The New Left and its Review grasped and held this glowing, fighting moment in the trenchant idiom of Stuart Hall’s editorials. Even when the Change came, and the Anderson cadre cut out the pictures, tightened the timetable and set the journal for nearly thirty years in Monotype Garamond behind the austere ranks of names on the cover, the Review remained the moral measure of both day and age; it brought its bracing, cutting and all-comprehending confidence to the dousing of the flames of 1968, and the disappointments and the long slide into reaction thereafter. Its early practitioners have no doubt aged, and too many of its progenitors have died, but the New Left has somehow kept a freshness and keenness, a capacity for self-renewal which has survived the last days of communism and, as Thatcher’s and Reagan’s crazy experiment collapses about us, has even regenerated a new hopefulness, new resources for hope.

There is a cue for this brief elegy. It is Lin Chun’s astonishing and exemplary book.footnote1 And one important reason for praising it is that it raises so much larger matters than the mere, gripping history of the New Left movement, its several journals and its singular cavalcade of characters. Even when most endorsing the whole venture of anti-capitalist dissent, of rewriting theodicy in order to fashion a different theory of this world and the next, Lin Chun anticipates a rejoinder to her narrative which will, or will not, vindicate the whole project. Was it worth it? Who is our theory for—let alone, what is it for? Did all that incredible busyness with which we filled up our time on May Day Manifesto come to utterly nothing? Has, indeed, the two hundred-odd issue longevity of the Review, the far-from-completed labours of its doyens and doyennes—of Anderson, Blackburn, Ellen Wood, Kate Soper, Mike Rustin, oh of everybody, all the celebrities of the corner of intellectual life in Carlisle and Meard Streets—any consequence for bringing nearer the good society? The British New Left was nothing if not a vehemently collaborative and public-spirited effort to turn theory into momentum, to help capture the runaway monster of the materialist day and make it work for the common good. Shall we settle for calling the outcome a fairly honourable defeat, or downright failure?

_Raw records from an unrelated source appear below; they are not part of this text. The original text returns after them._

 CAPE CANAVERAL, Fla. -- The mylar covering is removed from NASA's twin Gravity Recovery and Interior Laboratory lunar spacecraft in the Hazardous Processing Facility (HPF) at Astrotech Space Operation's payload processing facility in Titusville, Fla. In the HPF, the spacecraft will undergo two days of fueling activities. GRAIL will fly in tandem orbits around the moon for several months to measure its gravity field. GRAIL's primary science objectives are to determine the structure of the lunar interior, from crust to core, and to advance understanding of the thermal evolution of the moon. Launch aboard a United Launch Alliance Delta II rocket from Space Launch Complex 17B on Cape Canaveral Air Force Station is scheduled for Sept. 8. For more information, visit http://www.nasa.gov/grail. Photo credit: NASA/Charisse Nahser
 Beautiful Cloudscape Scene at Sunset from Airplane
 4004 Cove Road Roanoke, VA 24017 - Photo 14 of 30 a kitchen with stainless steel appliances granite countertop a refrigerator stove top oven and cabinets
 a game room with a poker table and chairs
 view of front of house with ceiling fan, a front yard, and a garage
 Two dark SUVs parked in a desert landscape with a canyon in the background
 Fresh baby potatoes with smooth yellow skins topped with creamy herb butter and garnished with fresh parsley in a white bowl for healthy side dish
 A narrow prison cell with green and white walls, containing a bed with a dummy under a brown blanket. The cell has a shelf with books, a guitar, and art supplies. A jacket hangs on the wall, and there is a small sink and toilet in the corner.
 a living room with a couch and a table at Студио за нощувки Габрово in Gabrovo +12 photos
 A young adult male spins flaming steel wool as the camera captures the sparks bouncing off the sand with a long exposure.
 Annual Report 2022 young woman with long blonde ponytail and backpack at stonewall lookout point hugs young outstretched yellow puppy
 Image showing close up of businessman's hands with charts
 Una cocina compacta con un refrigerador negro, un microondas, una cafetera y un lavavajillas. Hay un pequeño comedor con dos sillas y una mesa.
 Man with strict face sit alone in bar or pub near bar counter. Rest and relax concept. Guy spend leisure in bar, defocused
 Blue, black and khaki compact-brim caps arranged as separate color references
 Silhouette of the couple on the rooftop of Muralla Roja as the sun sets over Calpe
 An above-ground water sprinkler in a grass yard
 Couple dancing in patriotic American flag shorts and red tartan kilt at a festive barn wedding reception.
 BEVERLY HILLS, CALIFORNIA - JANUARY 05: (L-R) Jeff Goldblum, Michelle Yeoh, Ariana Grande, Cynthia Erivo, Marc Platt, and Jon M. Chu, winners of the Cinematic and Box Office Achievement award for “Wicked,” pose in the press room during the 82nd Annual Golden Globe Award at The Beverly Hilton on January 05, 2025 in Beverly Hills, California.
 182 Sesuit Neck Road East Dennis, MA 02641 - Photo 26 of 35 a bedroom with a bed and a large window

The question is, of course, posed by more than Lin Chun’s admirable study. For it is surely by no accident that hard on her heels come two further researches into lost time, Michael Kenny’s, telling much the same story as Lin Chun, while Ioan Davies turns himself into the Colonel Blimp of the New Left, giving us an after-midnight memoir of the life and death of cultural studies.footnote2 Let it be added that there is no dishonour in his playing this role. Davies is as self-referential, garrulous, endearing, preposterous as Roger Livesey was, as well as being just as passionate a man throttled by the clichés and good form of his stiff, archaic diction.

Not, of course, that the New Left has ever proved itself unready to turn its present into its own history. The exigencies of the intellectual market and the ferocity of its competition in bright new ideas and ever more comprehensively deconstructive methods have demanded of its many journals in their short lives costively regular moments of reappraisal and auto-critique. All the same, something has happened, all right, and these books in their modest ways set a historical limit. Even Davies, who is writing about an intellectual lifetime lived, God bless us all, in cultural studies, changes gear and tone when he ropes together his two early narratives—the first New Left as defined by the great books of the prophets, and the second as turned into diaspora after 1968—and seeks to harness them to the antinomian rout of postmodernism which rides so very roughshod over the present.

Raymond Williams contributed an essay to nlr in 1983 to which the editors gave the title ‘An Epoch’s End’. Williams was, as usual, right. The epoch which opened in 1917 and turned into the hideous, three-cornered struggle between Stalinism, fascism and—let us call it—liberal consumerism, ended in Berlin and Beijing and at the grave of Imre Nagy in 1989.